┌──

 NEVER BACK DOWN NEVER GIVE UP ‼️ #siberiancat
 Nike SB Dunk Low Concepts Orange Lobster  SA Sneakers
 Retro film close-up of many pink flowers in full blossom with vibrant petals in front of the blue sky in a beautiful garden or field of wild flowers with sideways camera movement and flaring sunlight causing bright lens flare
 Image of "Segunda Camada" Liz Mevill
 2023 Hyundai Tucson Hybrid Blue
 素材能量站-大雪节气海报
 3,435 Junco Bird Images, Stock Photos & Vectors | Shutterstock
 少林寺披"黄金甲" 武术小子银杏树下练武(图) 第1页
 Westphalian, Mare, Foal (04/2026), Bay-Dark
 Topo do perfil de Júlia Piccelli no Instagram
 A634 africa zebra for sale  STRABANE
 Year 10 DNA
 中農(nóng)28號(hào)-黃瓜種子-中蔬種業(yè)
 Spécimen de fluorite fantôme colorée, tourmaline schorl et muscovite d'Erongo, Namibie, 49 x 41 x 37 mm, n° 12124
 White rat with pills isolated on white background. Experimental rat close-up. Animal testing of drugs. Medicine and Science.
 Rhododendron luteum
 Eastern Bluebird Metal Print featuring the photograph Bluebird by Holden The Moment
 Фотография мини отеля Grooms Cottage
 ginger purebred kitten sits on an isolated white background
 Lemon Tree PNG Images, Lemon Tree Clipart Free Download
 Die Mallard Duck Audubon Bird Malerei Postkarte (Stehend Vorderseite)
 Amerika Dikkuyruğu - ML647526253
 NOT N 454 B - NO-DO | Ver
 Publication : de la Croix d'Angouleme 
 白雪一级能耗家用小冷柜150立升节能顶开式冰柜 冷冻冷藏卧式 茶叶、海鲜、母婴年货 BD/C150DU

└──

- Exercise prompt
All lines from the line containing "NOT N 454 B - NO-DO | Ver" through the last line of the data are to be repeated exactly; no other line belongs in the answer.

- Finished exercise
 NOT N 454 B - NO-DO | Ver
 Publication : de la Croix d'Angouleme 
 白雪一级能耗家用小冷柜150立升节能顶开式冰柜 冷冻冷藏卧式 茶叶、海鲜、母婴年货 BD/C150DU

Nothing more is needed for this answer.